_Material provided_.
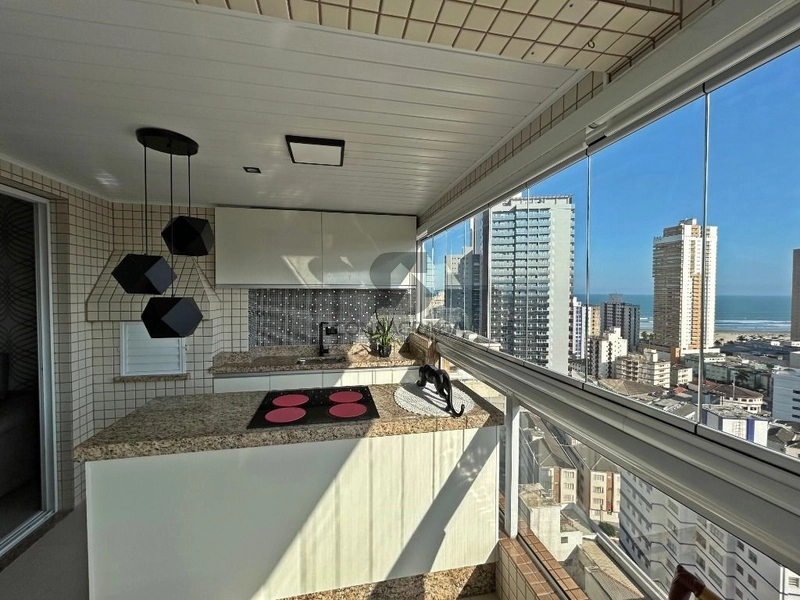 Apartamento na Praia Grande no Bairro Boqueirão.: 4ª foto da galeria de imagens do imóvel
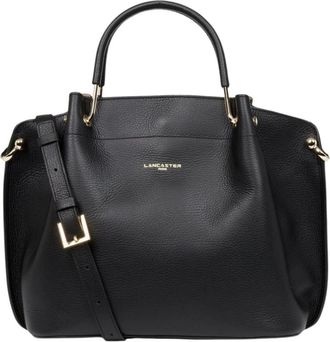 Lancaster Foulonne Double Louis 470-19 - Bags - Mujer - Negro - ONE SIZE
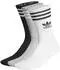 Adidas Originals Mid Cut Crew Socks 3 Pairs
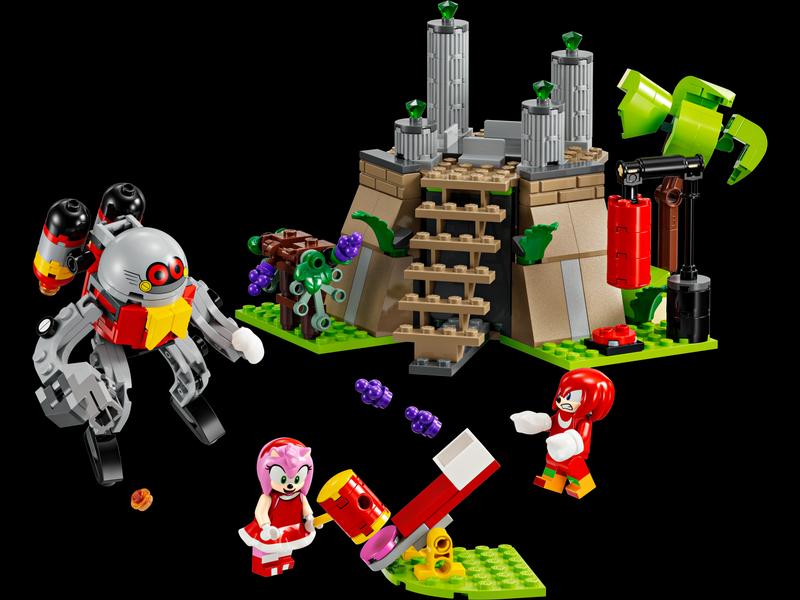 Knuckles and the Master Emerald Shrine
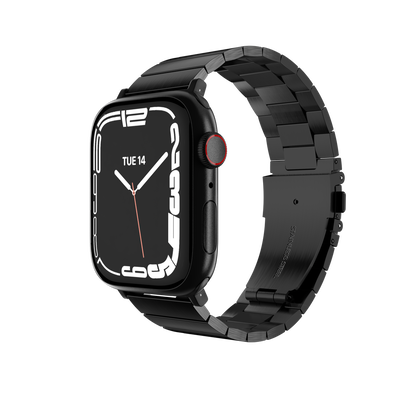 Switcheasy Accessory Maestro Bracelet Stainless Steel Apple Watch 38 / 40 / 41 Mm Black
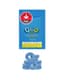 Sour Blue Raspberry Gummies 100 Mg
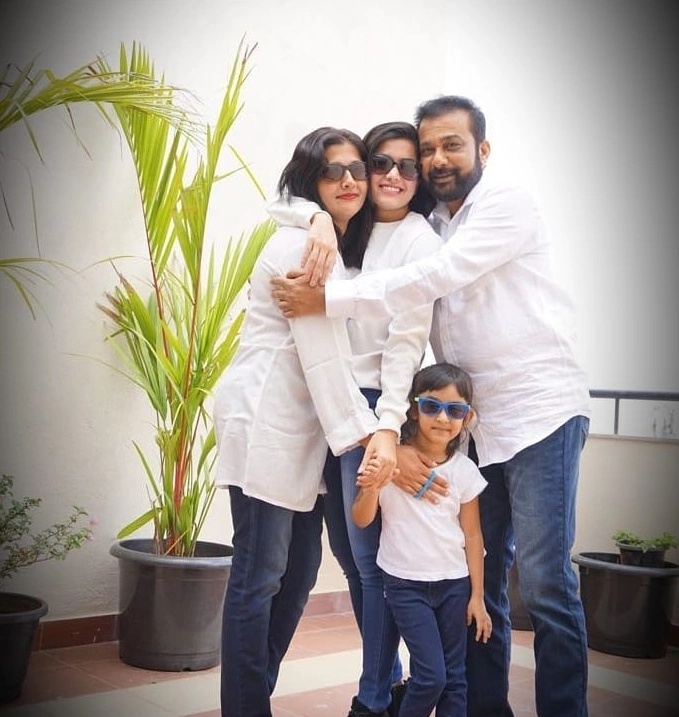 Rashmika Family Photos
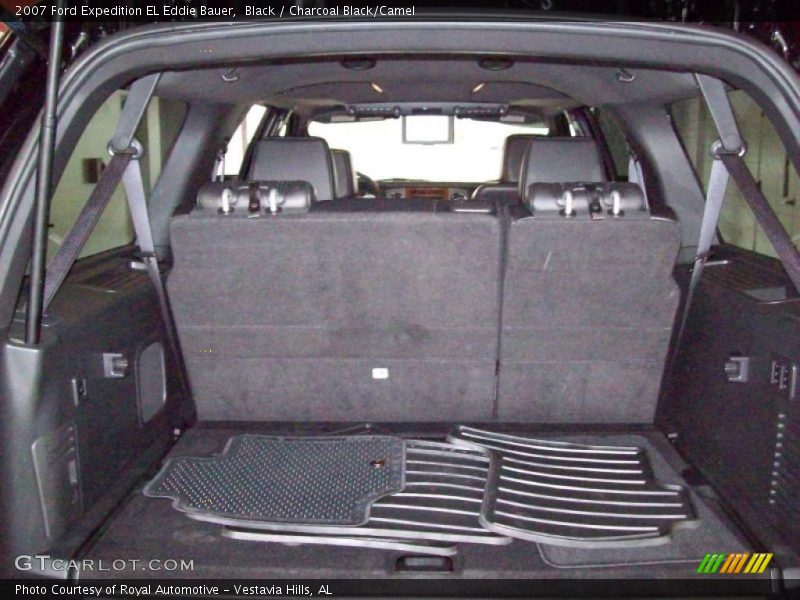 Black / Charcoal Black/Camel 2007 Ford Expedition EL Eddie Bauer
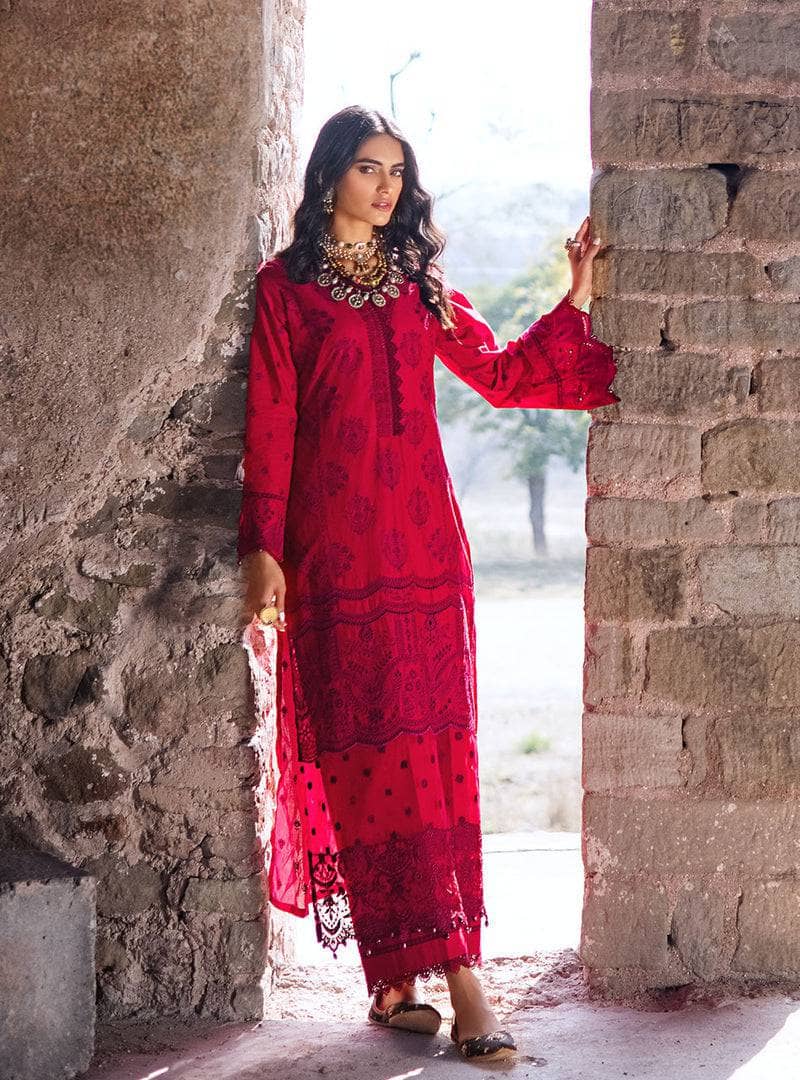 Zainab Chottani Lawn 22/Qasr 8 A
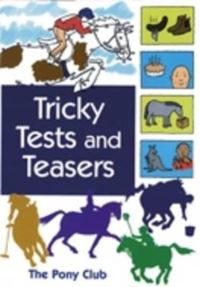 Book Cover for Tricky Tests and Teasers by Annie Horwood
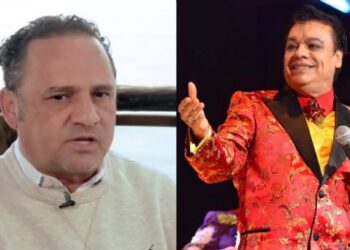 Alberto Aguilera, hijo de Juan Gabriel; fue detenido en Estados Unidos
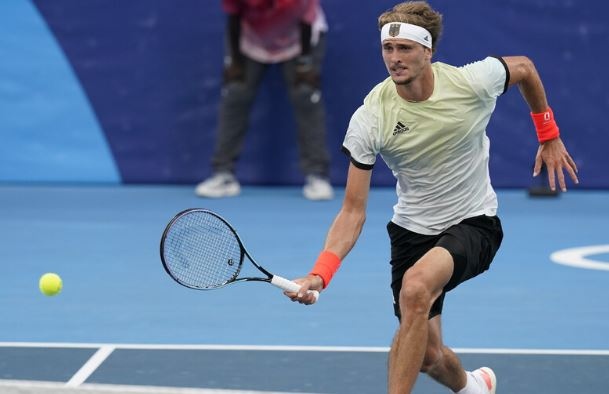 Истинска сензация дойде от олимпийския турнир по тенис в Токио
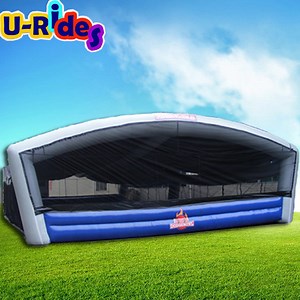[Hot Item] Professional Inflatable Paintball Tent for Team Events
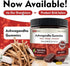 KSM-66 600mg 5% (60 DailyNutra Ashwagandha Organic Root Extract - High Potency Supplement with Withanolides | Relieves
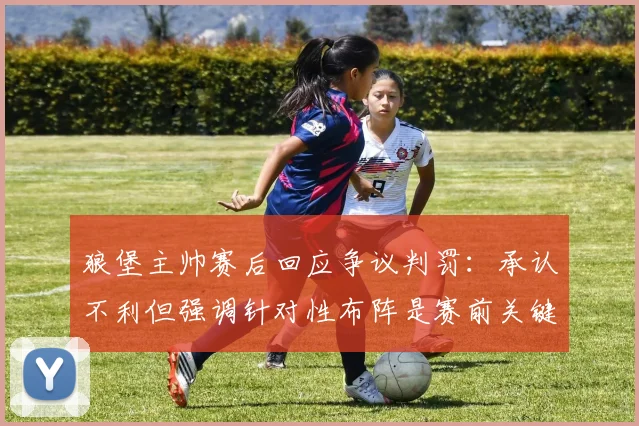 狼堡主帅赛后回应争议判罚:承认不利但强调针对性布阵是赛前关键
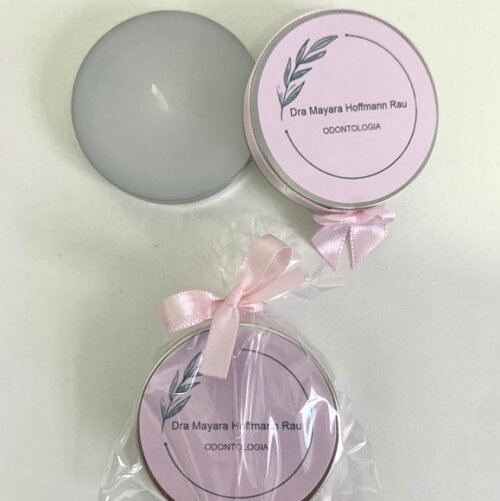 Brinde Consultorio de Odontologia vela aromática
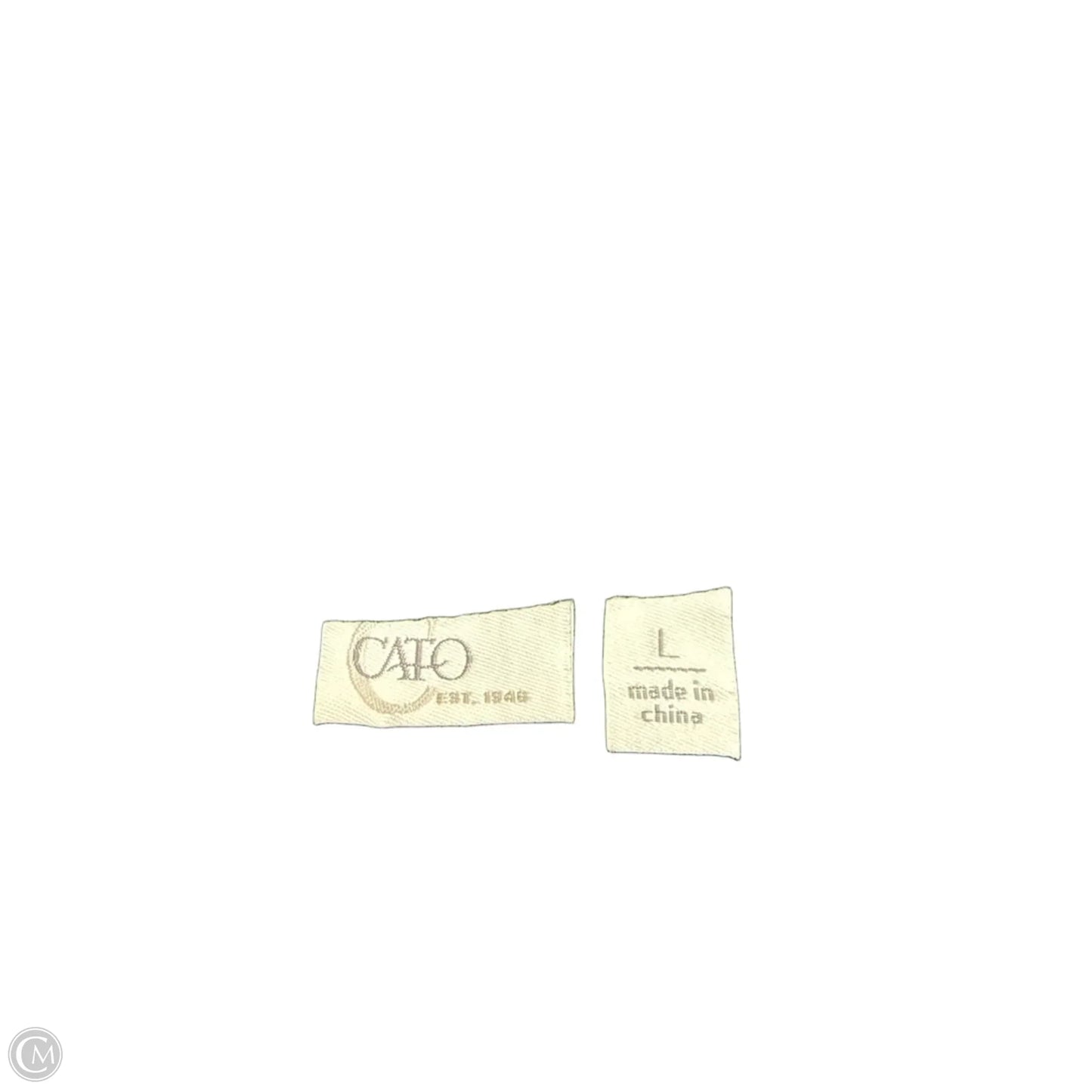 Pants Other By Cato In Black, Size: L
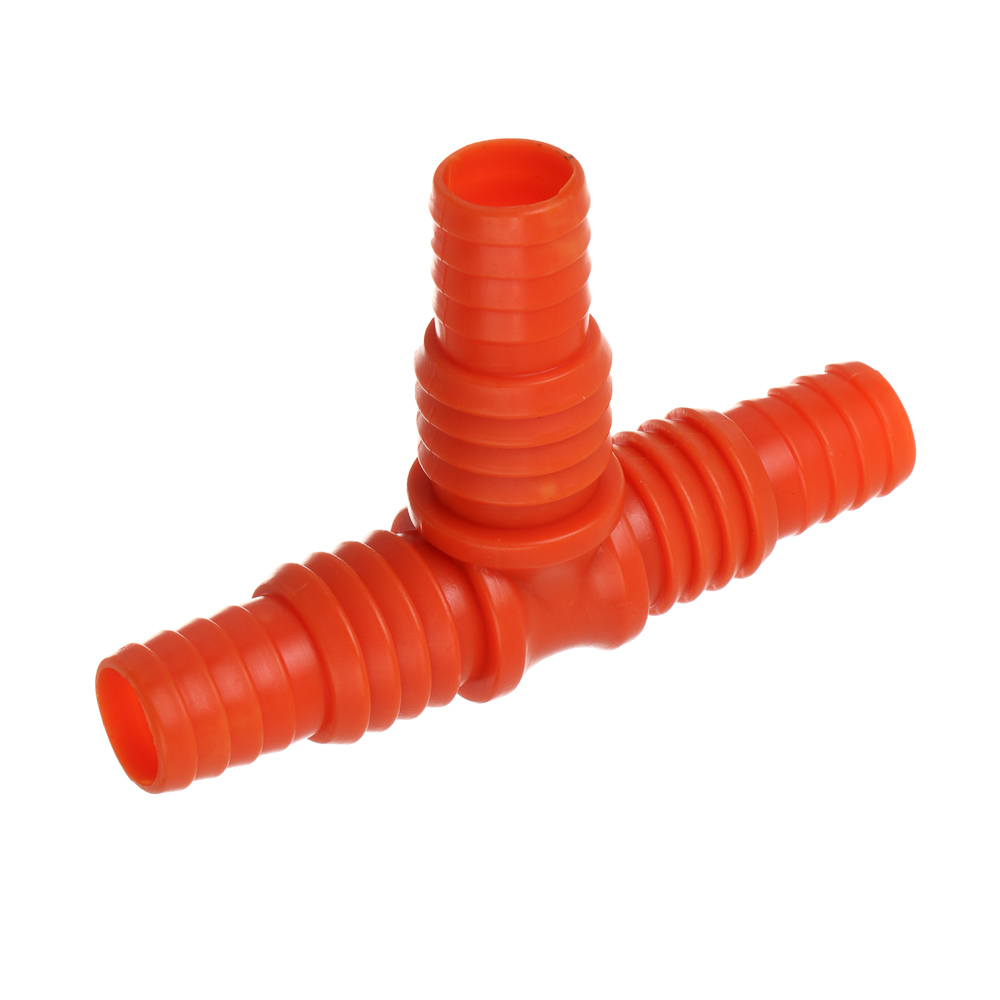 INBLOOM Тройник-штуцер для шланга 3/4"- 1", пластик, арт.№ 169-025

_Directions for this task_. Beginning with the line that holds "Knuckles and the Master Emerald Shrine" and ending with the last line of the material above, extract every line exactly, pictures excluded.

_Exercise solution_.
 Knuckles and the Master Emerald Shrine
 Switcheasy Accessory Maestro Bracelet Stainless Steel Apple Watch 38 / 40 / 41 Mm Black
 Sour Blue Raspberry Gummies 100 Mg
 Rashmika Family Photos
 Black / Charcoal Black/Camel 2007 Ford Expedition EL Eddie Bauer
 Zainab Chottani Lawn 22/Qasr 8 A
 Book Cover for Tricky Tests and Teasers by Annie Horwood
 Alberto Aguilera, hijo de Juan Gabriel; fue detenido en Estados Unidos
 Истинска сензация дойде от олимпийския турнир по тенис в Токио
[Hot Item] Professional Inflatable Paintball Tent for Team Events
 KSM-66 600mg 5% (60 DailyNutra Ashwagandha Organic Root Extract - High Potency Supplement with Withanolides | Relieves
 狼堡主帅赛后回应争议判罚:承认不利但强调针对性布阵是赛前关键
 Brinde Consultorio de Odontologia vela aromática
 Pants Other By Cato In Black, Size: L
 INBLOOM Тройник-штуцер для шланга 3/4"- 1", пластик, арт.№ 169-025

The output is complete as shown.